In de zomer van 2013 herneemt Tibaldus en andere hoeren de voorstelling Paard : een opera. De voorstelling blijft in grote lijnen dezelfde. Toch wordt het ‘de versie 2013’. Er komen enkele nieuwe scenes en vroegere scenes worden aangepast. Het muziekale luik wordt verder uitgewerkt samen met Lieven Gouwy (Graindelavoix, Tangerijn vzw).

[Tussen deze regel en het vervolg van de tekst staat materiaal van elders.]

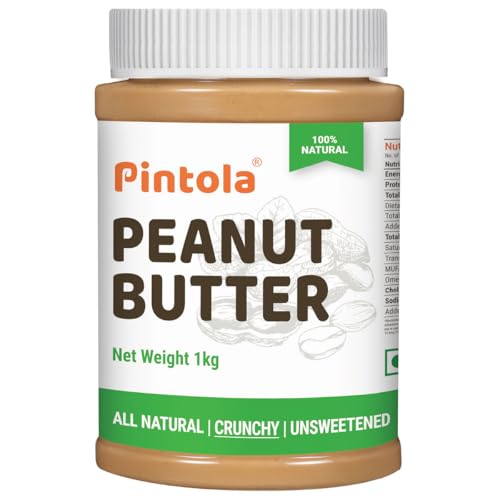 Pintola All Natural Peanut Butter Crunchy 1kg | Smooth, Unsweetened | 30g Protein | Gluten & Cholesterol Free, Vegan Peanut Butter, Nut Butter, High in Protein Spread, 100% Pure Roasted peanuts butter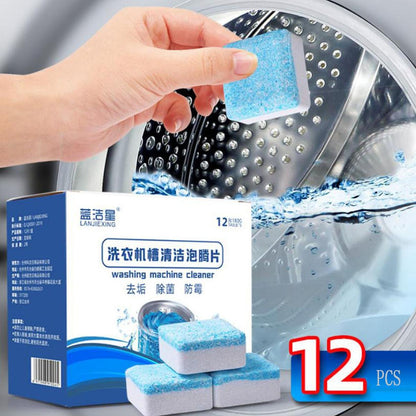 12pcs Washing Machine Cleaning Tablets – Odor & Bacteria Remover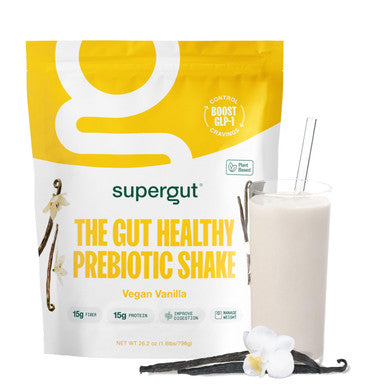 Supergut Prebiotic Shakes | Meal Replacement | Boost GLP-1 | High Protein and Fiber | No Added Sugar | Keto Food Meal Snack (Vegan Vanilla 14 servings)
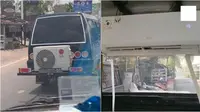 Sempat viral mobil dipasangi AC rumahan, ternyata begini penampakan dalamnya. (Sumber: TikTok @fauzi.ramaa / Instagram/mimi.julid)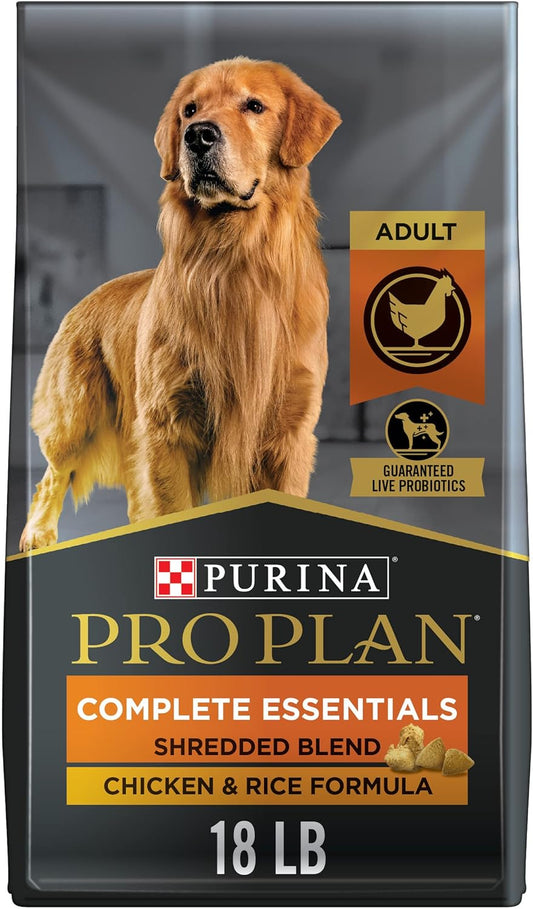 Purina Pro Plan High Protein Dog Food with Probiotics for Dogs, Shredded Blend Chicken & Rice Formula - 18 Lb. Bag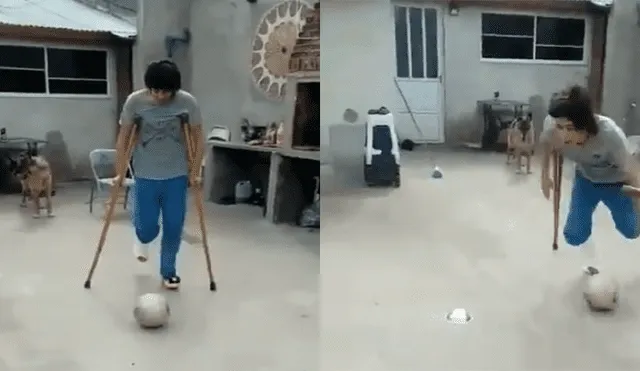 Facebook viral: Adolescente enyesado intenta patear un balón pero todo termina de la peor manera [VIDEO]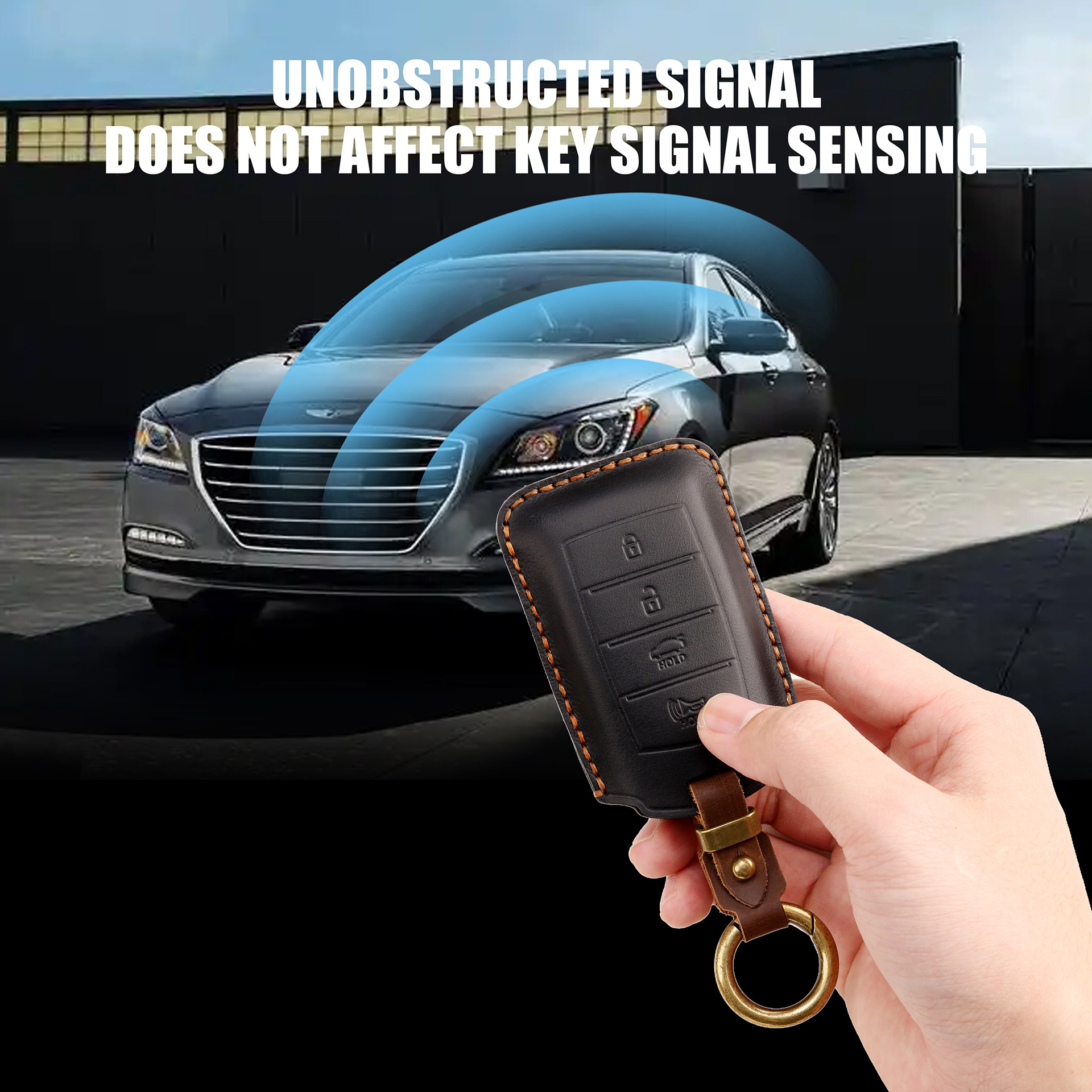 Retro Key Cover Suitable for Genesis Old Model Genesis Pure Handmade Genuine Leather Buckle Case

Paard: een solo (2009) van Hans Mortelmans gaat over de relatie acteur-tekst-publiek en kreeg, althans in naam, twee vervolgen, Paard: een musical (2009) en Paard: een opera (2010), samen een merkwaardige trilogie, die niet alleen Tibaldus’ liefde voor het edele dier toont, maar ook al een soort kern van hun artistieke praktijk bevat.
credits
Van en met: Loes Carrette, Timeau De Keyser, Lieselotte De Keyzer, Sander De Winne, Simon De Winne, Pieter Dumoulin, Jan Goris, Lieven Gouwy, Peter Janssens, Frances Lefebure, Luc Loots, Hans Mortelmans, Max Pairon, Diede Roosens, Anemone Valcke, Lucas Van den Abeele, Simon Van den Abeele, Oscar Willems
Zangleiding: Lieven Gouwy
Licht, techniek en decor: Simon Van Den Abeele
Foto / film: Pieter Dumoulin
Met dank aan: Yves Callens, Ruben Desiere, Naes De Vaere, Charlotte Dhaenens, Rilke Eyckermans, Mieja Hollevoet, Jessica Jochems, Helder Opdebeeck, Oliver Roels, Adrian Sack, Charline Spruyt, Jan Steen, Wietse Tanghe, Anna Termont, Rasmus Van Heddeghem en Brecht Vermeersch
Met steun van: Vlaamse overheid, stad Gent, Theater Stap, Kunstencentrum De Werf
in de pers
Evelyne Coussens voor Corpus Kunstkritiek
2013
Het wereldbeeld dat Tibaldus en andere hoeren hier oproept, maakt niet vrolijk. De mens is een stofje in het universum, ten prooi aan grillige goden: religies, denkbeelden, ideologieën waarin ‘de ander’ opgeblazen wordt tot vervaarlijke proporties –terwijl hij even later niet meer blijkt te zijn dan een stukje speelgoed in de handen van een kind. En zelfs wanneer het zuiverende water ten slotte de onwrikbare god op de knieën dwingt, valt het te verwachten dat er onmiddelijk een nieuwe zal opstaan. Omdat de mens nu eenmaal verslaafd is aan de schaduw van zijn zelfgekozen goden: zijn angsten, zijn projecties, zijn fantasma’s. Ze bevinden zich tussen onze oren, niét in de gestalte van de ander.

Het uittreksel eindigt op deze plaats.